Democrats hold the governorship and both chambers of the General Assembly in Maryland, giving them complete control of the redistricting process. That has Republican leaders concerned that state and federal legislative districts will be redrawn to dilute GOP power.
“The legislature, as a whole, are vindictive,” said Paul Ellington, executive director of the Maryland Republican Party. “We’ll be forced to take them to court if they’re too vindictive.”
State Senate Minority Leader Martin G. Madden, R-Howard, said the party would sue if the Democrats do not respect population shifts, geographic and jurisdictional boundaries and minority representation.
“It depends how far the Democrats go,” he said. “We would take them to federal court and urge the court to accept our plan.”
The Republicans will create their own plan within the next few months to take around the state, while Gov. Parris Glendening and the legislature’s Democratic leadership do the same.
“Unlike the Democrats’ partisan plan, ours will be a consensus plan,” Madden said.
Republicans are angered by what they say are threats by Glendening and Senate President Thomas V. Mike Miller Jr., D-Prince George’s, to target the GOP in redistricting.
At a news conference Wednesday to announce a potential bid by Sen. Chris Van Hollen Jr., D-Montgomery, against Rep. Connie Morella, R-Bethesda, Miller said he is confident that redistricting will put more Democrats into Morella’s district.
One reason the Republicans are threatening a lawsuit is that it could help rein in such brash Democratic moves.
“We might end up seeing a very different Democratic plan, because they don’t want to take their chances with a lawsuit,” said House Minority Leader Robert Kittleman, R-Howard.
Redistricting occurs every 10 years following the decennial census.
Lawsuits challenging redistricting are nothing new. Eleven such suits were filed in state and federal courts after the 1991 Maryland redistricting plan passed.
Those included a Republican lawsuit claiming districts varied greatly in population to benefit Democrats and a bipartisan lawsuit challenging Anne Arundel County’s division into four congressional districts. Both cases were dismissed.

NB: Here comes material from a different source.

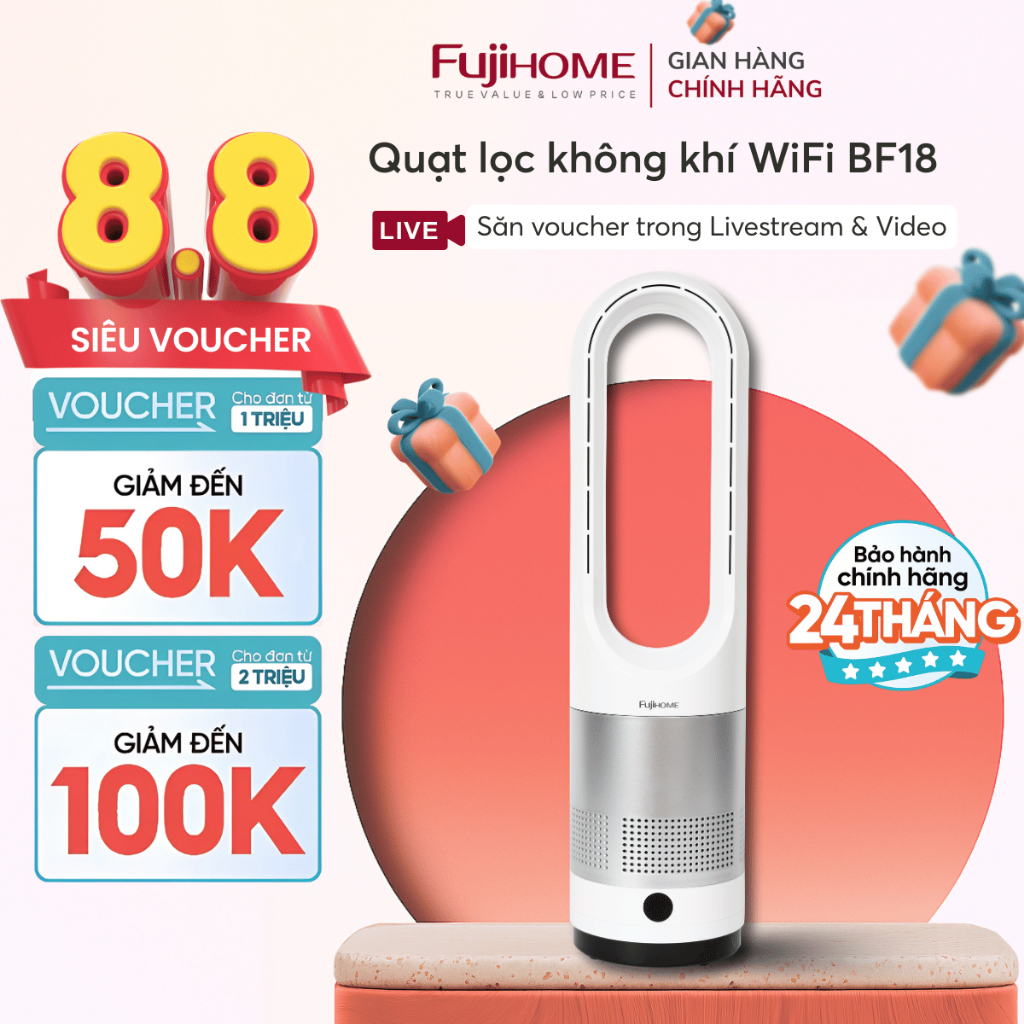 Quạt không cánh kết nồi Wifi Nhập Khẩu FUJIHOME BF18, Quạt khử khuẩn lọc không khí có chế độ hẹn giờ tiện lợi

The one successful lawsuit in Maryland was brought by the National Association for the Advancement of Colored People and forced the state to redraw Lower Shore legislative districts to benefit minority candidates.
Rep. Albert Wynn, D-Largo — whose 4th District was created explicitly in 1991 as a minority congressional district — said he did not know if the Republicans would sue this time, but said he would not be surprised if it happened.
“Lawsuits over redistricting are getting to be a fairly regular thing,” Wynn said.
Maryland Republican Party Chairman Michael Steele said he would rather not go to court but that he will if the Democrats are petty and fail to draw lines that reflect the makeup of the state.
“We’re going to aggressively go after this redistricting effort,” said Republican Chairman Michael Steele. “We’ll use every available means to address inequities. . .and courts are going to be a part of it.”
Madden said he does not expect Democrats to cut the Republican Party any slack in redistricting, though.
“This is a classic example of the golden rule — them with the gold makes the rules,” he said.
Whether it comes from the Republicans or someone else, Legislative Services Director Karl Aro, said he expects there to be lawsuits over whatever plan is passed.
“We’re going to end up going to court,” said Aro, who creates the redistricting maps for both parties in the General Assembly. “Any registered voter in the state has standing to sue, so someone is going to do it.”